==== Data to process ====
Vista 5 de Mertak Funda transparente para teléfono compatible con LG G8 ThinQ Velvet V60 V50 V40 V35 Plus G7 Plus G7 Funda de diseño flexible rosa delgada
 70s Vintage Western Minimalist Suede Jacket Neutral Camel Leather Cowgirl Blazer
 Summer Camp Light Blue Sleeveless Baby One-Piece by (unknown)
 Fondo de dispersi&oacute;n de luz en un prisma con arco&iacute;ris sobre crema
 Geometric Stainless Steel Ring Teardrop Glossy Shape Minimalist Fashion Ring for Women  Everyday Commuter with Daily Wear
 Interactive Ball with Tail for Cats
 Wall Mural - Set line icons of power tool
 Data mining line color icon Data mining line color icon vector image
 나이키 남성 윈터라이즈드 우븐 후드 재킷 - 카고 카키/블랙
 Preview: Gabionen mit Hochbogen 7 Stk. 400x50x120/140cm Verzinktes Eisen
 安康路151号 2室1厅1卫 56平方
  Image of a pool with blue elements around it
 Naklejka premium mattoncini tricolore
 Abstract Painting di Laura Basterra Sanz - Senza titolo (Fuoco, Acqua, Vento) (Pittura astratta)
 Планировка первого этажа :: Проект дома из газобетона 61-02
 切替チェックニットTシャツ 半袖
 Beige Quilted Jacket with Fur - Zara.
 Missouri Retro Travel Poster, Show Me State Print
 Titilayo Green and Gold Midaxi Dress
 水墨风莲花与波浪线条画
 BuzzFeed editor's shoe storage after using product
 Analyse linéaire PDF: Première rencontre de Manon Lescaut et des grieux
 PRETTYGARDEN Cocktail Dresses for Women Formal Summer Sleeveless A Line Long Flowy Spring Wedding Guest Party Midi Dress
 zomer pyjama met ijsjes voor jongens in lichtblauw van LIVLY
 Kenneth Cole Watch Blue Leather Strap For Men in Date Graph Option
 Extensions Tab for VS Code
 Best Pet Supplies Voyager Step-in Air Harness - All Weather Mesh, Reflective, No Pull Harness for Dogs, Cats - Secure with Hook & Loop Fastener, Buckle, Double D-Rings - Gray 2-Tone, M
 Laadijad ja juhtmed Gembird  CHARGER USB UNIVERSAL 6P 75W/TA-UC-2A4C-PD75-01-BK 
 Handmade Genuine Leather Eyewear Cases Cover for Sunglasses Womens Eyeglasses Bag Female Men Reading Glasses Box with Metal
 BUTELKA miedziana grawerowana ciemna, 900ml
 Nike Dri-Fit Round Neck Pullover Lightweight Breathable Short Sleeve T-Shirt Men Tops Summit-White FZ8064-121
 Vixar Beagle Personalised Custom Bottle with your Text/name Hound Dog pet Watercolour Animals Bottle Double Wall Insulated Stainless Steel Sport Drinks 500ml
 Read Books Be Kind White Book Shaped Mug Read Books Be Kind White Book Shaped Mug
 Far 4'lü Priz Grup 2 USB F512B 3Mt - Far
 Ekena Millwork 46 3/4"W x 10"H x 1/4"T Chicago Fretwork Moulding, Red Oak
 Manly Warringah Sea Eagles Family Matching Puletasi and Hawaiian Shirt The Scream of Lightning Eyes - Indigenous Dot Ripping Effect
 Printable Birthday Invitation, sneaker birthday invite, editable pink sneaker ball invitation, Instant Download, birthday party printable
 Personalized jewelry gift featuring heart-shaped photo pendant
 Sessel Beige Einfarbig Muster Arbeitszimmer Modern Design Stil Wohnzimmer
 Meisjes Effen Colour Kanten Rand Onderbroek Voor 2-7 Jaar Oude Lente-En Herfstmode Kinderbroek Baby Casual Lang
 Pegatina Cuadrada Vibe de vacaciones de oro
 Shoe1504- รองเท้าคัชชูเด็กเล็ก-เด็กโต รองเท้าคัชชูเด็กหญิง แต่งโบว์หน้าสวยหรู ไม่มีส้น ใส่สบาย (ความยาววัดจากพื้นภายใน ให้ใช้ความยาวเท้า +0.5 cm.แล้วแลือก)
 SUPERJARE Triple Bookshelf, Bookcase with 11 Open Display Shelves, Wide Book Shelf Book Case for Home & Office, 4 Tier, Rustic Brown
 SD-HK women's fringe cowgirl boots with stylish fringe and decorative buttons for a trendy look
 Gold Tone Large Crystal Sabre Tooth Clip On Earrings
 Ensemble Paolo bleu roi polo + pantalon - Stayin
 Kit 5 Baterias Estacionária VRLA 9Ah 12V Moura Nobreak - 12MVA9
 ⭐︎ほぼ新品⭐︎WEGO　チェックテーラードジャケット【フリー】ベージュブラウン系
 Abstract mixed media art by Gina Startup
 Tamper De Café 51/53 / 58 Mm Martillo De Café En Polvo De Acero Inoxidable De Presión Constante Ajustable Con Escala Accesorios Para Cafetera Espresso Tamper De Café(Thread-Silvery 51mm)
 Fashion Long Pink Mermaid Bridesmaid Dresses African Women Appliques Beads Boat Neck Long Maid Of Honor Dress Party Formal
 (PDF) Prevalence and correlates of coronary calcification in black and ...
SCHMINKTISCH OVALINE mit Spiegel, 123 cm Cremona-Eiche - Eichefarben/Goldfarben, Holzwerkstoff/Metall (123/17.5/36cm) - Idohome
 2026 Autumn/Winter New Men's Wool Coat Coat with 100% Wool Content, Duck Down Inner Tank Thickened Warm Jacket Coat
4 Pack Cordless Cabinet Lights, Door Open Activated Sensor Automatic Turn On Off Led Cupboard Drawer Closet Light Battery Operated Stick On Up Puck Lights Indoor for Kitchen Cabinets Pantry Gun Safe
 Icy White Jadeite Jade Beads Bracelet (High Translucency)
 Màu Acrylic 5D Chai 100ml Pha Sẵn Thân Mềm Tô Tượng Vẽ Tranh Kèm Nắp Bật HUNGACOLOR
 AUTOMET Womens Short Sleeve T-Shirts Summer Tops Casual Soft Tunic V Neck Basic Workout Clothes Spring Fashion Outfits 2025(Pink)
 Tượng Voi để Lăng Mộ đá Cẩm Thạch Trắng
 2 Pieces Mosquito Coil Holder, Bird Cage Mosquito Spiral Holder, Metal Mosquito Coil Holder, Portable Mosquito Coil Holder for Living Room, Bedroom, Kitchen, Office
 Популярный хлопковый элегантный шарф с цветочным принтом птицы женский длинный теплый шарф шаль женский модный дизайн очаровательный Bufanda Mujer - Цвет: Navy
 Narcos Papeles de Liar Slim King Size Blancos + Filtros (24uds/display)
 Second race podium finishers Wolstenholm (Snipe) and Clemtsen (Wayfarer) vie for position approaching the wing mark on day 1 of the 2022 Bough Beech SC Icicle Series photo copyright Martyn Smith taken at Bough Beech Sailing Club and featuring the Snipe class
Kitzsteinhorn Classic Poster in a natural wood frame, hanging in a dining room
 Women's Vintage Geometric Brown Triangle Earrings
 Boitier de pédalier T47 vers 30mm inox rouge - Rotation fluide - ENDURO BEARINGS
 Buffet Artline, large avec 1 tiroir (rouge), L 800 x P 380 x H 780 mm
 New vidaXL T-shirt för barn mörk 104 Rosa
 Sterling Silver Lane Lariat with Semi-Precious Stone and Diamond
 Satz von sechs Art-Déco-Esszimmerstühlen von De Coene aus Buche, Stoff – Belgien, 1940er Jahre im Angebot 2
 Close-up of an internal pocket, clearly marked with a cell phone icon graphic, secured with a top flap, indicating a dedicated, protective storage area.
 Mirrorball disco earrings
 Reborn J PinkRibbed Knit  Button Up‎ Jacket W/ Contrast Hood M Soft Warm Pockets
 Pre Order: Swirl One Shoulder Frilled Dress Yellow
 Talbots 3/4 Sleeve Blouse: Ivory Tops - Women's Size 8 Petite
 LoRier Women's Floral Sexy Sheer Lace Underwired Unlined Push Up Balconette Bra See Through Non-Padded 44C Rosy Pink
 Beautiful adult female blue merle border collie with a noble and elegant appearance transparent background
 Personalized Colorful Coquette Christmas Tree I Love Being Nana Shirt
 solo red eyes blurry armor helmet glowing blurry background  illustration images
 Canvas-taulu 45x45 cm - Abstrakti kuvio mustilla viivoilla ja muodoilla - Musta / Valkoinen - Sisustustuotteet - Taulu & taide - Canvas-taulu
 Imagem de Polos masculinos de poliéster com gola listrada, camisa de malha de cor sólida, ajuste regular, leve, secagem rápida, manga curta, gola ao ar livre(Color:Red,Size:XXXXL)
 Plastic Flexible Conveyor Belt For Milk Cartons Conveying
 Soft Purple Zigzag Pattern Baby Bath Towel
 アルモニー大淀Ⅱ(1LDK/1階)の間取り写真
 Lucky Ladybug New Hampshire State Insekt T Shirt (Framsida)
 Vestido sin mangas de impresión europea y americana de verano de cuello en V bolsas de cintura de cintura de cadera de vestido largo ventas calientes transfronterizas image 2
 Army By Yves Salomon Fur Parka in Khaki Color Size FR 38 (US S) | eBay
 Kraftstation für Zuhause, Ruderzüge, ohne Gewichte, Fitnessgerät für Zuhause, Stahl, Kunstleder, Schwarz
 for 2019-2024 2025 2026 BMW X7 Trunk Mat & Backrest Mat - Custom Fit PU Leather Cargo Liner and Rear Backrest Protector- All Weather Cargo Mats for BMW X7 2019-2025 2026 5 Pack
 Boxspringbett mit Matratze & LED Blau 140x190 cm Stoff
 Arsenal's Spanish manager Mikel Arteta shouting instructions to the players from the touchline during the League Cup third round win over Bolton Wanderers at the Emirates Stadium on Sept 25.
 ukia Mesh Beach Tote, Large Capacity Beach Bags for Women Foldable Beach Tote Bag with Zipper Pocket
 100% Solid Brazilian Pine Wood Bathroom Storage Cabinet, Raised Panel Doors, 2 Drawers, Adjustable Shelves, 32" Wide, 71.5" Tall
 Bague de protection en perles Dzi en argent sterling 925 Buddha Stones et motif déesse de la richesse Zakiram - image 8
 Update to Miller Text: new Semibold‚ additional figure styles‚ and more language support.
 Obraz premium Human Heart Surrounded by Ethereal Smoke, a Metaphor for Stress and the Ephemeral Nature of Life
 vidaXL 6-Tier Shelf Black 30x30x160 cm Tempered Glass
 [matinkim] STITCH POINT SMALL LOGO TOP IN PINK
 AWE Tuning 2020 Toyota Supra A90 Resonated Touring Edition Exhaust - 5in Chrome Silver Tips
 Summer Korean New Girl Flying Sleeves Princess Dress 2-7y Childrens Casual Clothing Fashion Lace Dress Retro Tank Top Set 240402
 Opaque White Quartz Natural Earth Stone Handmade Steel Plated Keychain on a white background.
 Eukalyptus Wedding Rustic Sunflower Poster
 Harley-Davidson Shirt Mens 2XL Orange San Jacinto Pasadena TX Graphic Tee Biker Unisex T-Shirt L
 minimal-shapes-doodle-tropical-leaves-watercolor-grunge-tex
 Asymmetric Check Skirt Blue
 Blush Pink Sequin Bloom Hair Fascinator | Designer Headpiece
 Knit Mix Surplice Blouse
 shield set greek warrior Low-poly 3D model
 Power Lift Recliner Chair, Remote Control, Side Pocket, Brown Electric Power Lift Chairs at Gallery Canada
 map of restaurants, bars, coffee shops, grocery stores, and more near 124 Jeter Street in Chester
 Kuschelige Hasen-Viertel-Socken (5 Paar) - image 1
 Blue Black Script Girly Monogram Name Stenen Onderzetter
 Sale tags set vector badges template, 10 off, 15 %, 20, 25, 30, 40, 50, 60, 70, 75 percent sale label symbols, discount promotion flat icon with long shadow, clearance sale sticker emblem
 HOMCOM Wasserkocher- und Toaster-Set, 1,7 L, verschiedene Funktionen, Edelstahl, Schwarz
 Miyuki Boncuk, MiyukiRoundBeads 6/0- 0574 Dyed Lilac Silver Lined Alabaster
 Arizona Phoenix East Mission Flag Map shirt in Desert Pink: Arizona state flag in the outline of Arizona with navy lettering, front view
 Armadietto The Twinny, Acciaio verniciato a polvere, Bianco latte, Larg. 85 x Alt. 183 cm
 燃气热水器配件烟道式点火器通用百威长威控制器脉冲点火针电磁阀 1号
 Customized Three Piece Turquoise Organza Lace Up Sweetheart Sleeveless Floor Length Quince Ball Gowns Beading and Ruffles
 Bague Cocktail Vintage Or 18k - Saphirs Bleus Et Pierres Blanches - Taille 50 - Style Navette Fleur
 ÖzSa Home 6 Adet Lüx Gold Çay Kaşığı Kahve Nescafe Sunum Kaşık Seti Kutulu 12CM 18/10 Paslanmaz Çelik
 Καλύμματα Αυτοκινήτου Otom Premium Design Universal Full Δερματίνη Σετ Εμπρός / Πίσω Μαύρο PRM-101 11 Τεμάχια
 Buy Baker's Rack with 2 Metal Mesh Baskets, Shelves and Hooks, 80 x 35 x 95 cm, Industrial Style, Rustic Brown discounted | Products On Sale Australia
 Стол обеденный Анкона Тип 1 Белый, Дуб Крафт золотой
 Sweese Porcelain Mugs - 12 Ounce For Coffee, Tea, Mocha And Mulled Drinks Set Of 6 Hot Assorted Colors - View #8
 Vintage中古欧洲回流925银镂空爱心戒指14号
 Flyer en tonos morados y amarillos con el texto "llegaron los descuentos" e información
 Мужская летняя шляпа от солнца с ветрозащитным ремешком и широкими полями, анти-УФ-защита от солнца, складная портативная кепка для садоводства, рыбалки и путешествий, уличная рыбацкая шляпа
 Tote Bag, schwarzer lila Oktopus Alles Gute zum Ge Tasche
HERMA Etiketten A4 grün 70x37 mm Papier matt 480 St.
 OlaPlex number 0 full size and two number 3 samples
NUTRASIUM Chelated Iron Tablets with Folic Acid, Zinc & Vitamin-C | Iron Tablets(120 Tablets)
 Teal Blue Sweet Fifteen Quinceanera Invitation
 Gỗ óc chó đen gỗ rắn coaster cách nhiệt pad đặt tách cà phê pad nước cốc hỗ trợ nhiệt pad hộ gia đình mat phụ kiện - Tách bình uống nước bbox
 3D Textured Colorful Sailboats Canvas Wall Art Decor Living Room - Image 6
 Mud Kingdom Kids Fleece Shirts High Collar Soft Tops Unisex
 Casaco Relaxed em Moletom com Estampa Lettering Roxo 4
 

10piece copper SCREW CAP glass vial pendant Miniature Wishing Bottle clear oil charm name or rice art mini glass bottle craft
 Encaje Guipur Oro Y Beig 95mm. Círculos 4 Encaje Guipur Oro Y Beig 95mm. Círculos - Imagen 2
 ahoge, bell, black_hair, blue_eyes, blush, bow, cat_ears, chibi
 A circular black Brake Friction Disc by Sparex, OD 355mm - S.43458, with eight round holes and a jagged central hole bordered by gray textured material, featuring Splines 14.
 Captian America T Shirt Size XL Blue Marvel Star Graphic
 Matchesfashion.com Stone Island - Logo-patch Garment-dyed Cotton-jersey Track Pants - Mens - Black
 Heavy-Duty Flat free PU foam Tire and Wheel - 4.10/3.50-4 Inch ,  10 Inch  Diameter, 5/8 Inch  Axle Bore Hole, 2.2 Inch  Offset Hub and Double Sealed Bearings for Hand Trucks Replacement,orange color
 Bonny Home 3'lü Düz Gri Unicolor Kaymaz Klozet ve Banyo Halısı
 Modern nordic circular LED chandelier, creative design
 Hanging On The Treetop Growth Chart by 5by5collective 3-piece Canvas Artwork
====
To do: Your answer should consist only of the lines above between the line holding "Vixar Beagle Personalised" and the line holding "Manly Warringah Sea", inclusive, each transcribed exactly.

Expected answer:
 Vixar Beagle Personalised Custom Bottle with your Text/name Hound Dog pet Watercolour Animals Bottle Double Wall Insulated Stainless Steel Sport Drinks 500ml
 Read Books Be Kind White Book Shaped Mug Read Books Be Kind White Book Shaped Mug
 Far 4'lü Priz Grup 2 USB F512B 3Mt - Far
 Ekena Millwork 46 3/4"W x 10"H x 1/4"T Chicago Fretwork Moulding, Red Oak
 Manly Warringah Sea Eagles Family Matching Puletasi and Hawaiian Shirt The Scream of Lightning Eyes - Indigenous Dot Ripping Effect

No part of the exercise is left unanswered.